思路:首先处理指数为正数的情况,然后如果指数为负且底数不为0,结果取倒数。注意double类型相等的比较。
class Solution {
public:
bool g_InvalidInput = false;
double Power(double base, int exponent) {
g_InvalidInput = false;
if(equal(base,0.0) && exponent < 0){
g_InvalidInput = true;
return 0.0;
}
unsigned int absExponent = (unsigned int)(exponent);
if(exponent < 0)
absExponent = (unsigned int)(-exponent);
double result = PowerWithUnsignedExponent(base, absExponent);
if(exponent < 0)
result = 1.0 /result;
return result;
}
double PowerWithUnsignedExponent(double base,unsigned int exponent){
if(exponent == 0) return 1;
if(exponent == 1) return base;
double result = PowerWithUnsignedExponent(base, exponent >> 1);
result *= result;
if(exponent & 0x1 == 1)
result *= base;
return result;
}
bool equal(double num1, double num2){
if((num1 - num2 < 0.0000001) &&
(num1 - num2 > -0.0000001))
return true;
else
return false;
}
};
12.打印1到最大的n位数
思路:
void Print1ToMaxOfNDigits_1(int n)
{
if (n <= 0)
return;
char *number = new char[n + 1];
memset(number, '0', n);
number[n] = '\0';
while (!Increment(number))
{
PrintNumber(number);
}
delete[]number;
}
// 字符串number表示一个数字,在 number上增加1
// 如果做加法溢出,则返回true;否则为false
bool Increment(char* number)
{
bool isOverflow = false;
int nTakeOver = 0;
int nLength = strlen(number);
for (int i = nLength - 1; i >= 0; i--)
{
int nSum = number[i] - '0' + nTakeOver;
if (i == nLength - 1)
nSum++;
if (nSum >= 10)
{
if (i == 0)
isOverflow = true;
else
{
nSum -= 10;
nTakeOver = 1;
number[i] = '0' + nSum;
}
}
else
{
number[i] = '0' + nSum;
break;
}
}
return isOverflow;
}
void PrintNumber(char* number)
{
bool isBeginning0 = true;
int nLength = strlen(number);
for (int i = 0; i < nLength; ++i)
{
if (isBeginning0 && number[i] != '0')
isBeginning0 = false;
if (!isBeginning0)
{
printf("%c", number[i]);
}
}
printf("\t");
}
13.在O(1)时间删除链表结点
给定单向链表的头指针和一个结点指针
思路:根据时间复杂度要求,此题目的前提是要删除的结点的确在链表中。令删除结点的值等于其后一个结点,并且指向其后一个结点的next。

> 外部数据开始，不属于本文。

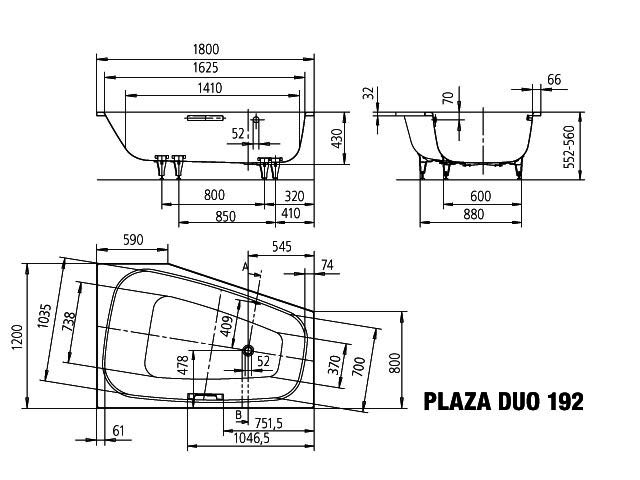 KA BW PLAZA DUO LINKS Mod.192,1800x1200 mm,pergamon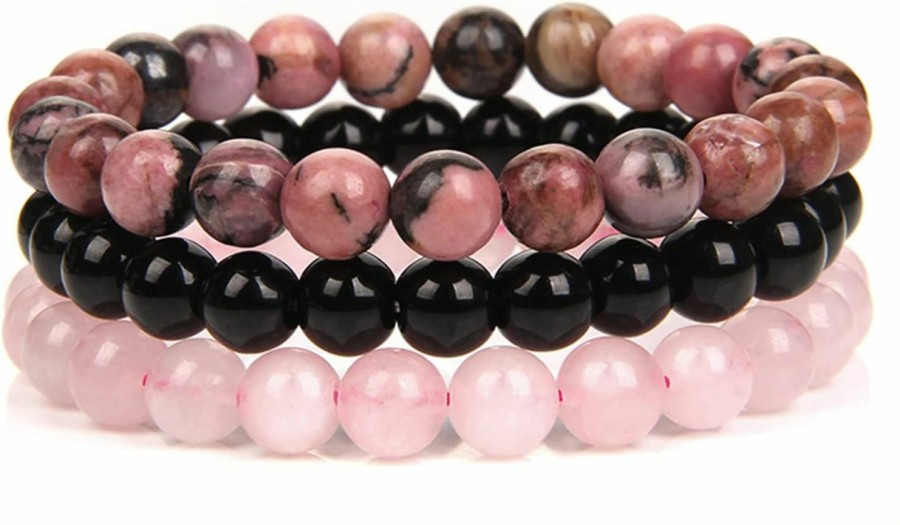 SONNYX Sonnyx 3Pcs 8Mm Semi-Precious Gemstones Beaded Bracelets For Women Men Healing Crystal Stone Bracelet Stretch Round Beaded Elastic Bracelets Uni Jewelry Gifts Wholesale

void DeleteNode(ListNode** pListHead, ListNode* pToBeDeleted)
{
if(!pListHead || !pToBeDeleted)
return;
// 要删除的结点不是尾结点
if(pToBeDeleted->m_pNext != nullptr)
{
ListNode* pNext = pToBeDeleted->m_pNext;
pToBeDeleted->m_nValue = pNext->m_nValue;
pToBeDeleted->m_pNext = pNext->m_pNext;
delete pNext;
pNext = nullptr;
}
// 链表只有一个结点,删除头结点(也是尾结点)
else if(*pListHead == pToBeDeleted)
{
delete pToBeDeleted;
pToBeDeleted = nullptr;
*pListHead = nullptr;
}
// 链表中有多个结点,删除尾结点
else
{
ListNode* pNode = *pListHead;
while(pNode->m_pNext != pToBeDeleted)
{
pNode = pNode->m_pNext;
}
pNode->m_pNext = nullptr;
delete pToBeDeleted;
pToBeDeleted = nullptr;
}
}
14.调整数组顺序使奇数位于偶数的前面
输入一个整数数组,实现一个函数来调整该数组中数字的顺序,使得所有的奇数位于数组的前半部分,所有的偶数位于数组的后半部分。(拓展:并保证奇数和奇数,偶数和偶数之间的相对位置不变)

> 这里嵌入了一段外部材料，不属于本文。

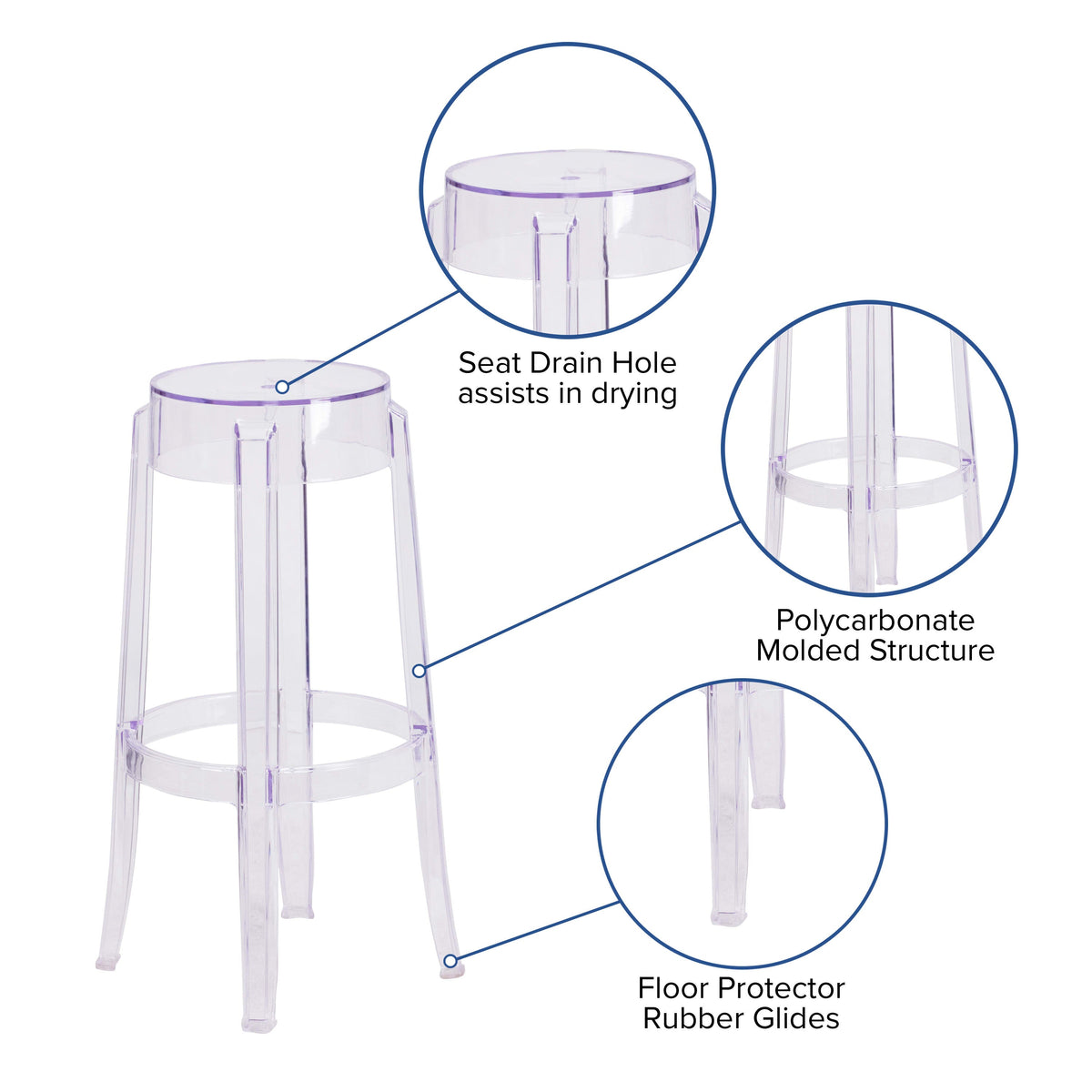 29.75inch High Transparent Barstool - Restaurant & Bar Furniture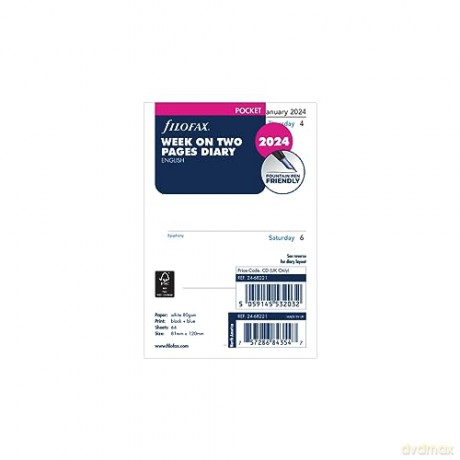 Filofax Pocket Week on two pages English 2024 diary, White [KSIĄŻKA]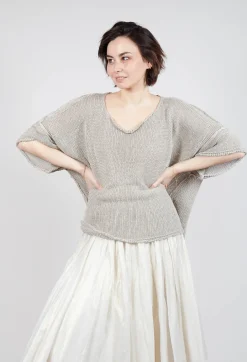 Relaxed Knitted Top in Dust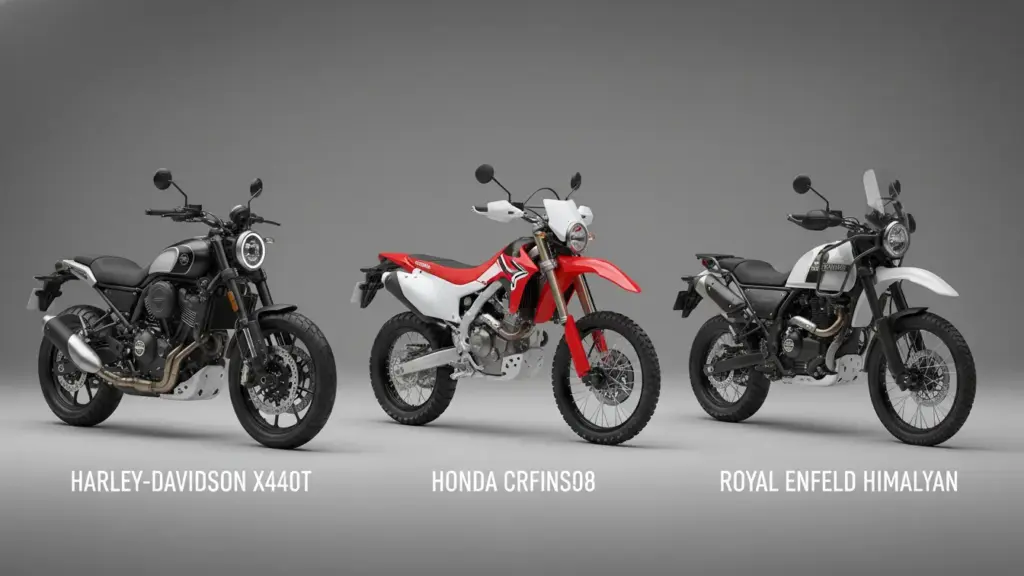 Harley-Davidson X440T Unveiled: Why This New Budget-Friendly Harley Is Suddenly Everywhere Today 4 Harley-Davidson X440T side-by-side with a Honda CRF300L and Royal Enfield Himalayan, neutral background, motorcycle comparison layout.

思路:双向指针,交换,解耦合。拓展:类似冒泡排序,为了保持相对位置,只能交换相邻的两个元素。
class Solution {
public:
void reOrderArray(vector<int> &array) {
Reorder(array, isEven);
}
private:
static bool isEven(int n){
return (n & 1) == 0;
}
void Reorder(vector<int> &array, bool (func)(int)){
if(array.empty()) return;
int left = 0, right = array.size() - 1;
while(left < right){
while(left < right && !func(array[left]))
left++;
while(left < right && func(array[right]))
right--;
if(left < right){
int temp = array[left];
array[left] = array[right];
array[right] = temp;
}
}
}
};
class Solution {
public:
void reOrderArray(vector<int> &array) {
for(int i = 0;i < array.size();i++){
for(int j = array.size()-1; j>i;j--){
if(array[j]%2==1&&array[j-1]%2==0)
swap(array[j],array[j-1]);
}
}
}
};
15.链表中倒数第k个结点
输入一个链表,输出该链表中倒数第k个结点。
思路:考虑k=0以及k大于结点数的情况。先后指针,先指针经过k个结点,此时后指针从头结点开始于其同步移动。当先指针走完剩下的n-k个结点,后指针走了n-k步,指向了倒数第k个结点。(正数的n-k+1个结点就是倒数第k个结点)
/*
struct ListNode {
int val;
struct ListNode *next;
ListNode(int x) :
val(x), next(NULL) {
}
};*/
class Solution {
public:
ListNode* FindKthToTail(ListNode* pListHead, unsigned int k) {
if(pListHead == NULL || k == 0) return NULL;
ListNode *pAhead = pListHead;
ListNode *pBehind = NULL;
for(unsigned int i = 0; i < k - 1; i++){
if(pAhead -> next != NULL)
pAhead = pAhead -> next;
else return NULL;
}
pBehind = pListHead;
while(pAhead -> next != NULL){
pAhead = pAhead -> next;
pBehind = pBehind -> next;
}
return pBehind;
}
};
16.反转链表
思路:利用两个指针分别指向当前结点与前一个结点。一旦当前结点的下一个结点为NULL时,该结点就是新的头结点。当前结点指向前一个结点。前一个结点=当前结点,当前结点=下一个结点。
/*
struct ListNode {
int val;
struct ListNode *next;
ListNode(int x) :
val(x), next(NULL) {
}
};*/
class Solution {
public:
ListNode* ReverseList(ListNode* pHead) {
ListNode *pReversedHead = NULL;
ListNode *pNode = pHead;
ListNode *pPrev = NULL;
while(pNode != NULL){
ListNode *pNext = pNode -> next;
if(pNext == NULL)
pReversedHead = pNode;
pNode -> next = pPrev;
pPrev = pNode;
pNode = pNext;
}
return pReversedHead;
}
};
17.合并两个排序的链表
输入两个单调递增的链表,输出两个链表合成后的链表,当然我们需要合成后的链表满足单调不减规则。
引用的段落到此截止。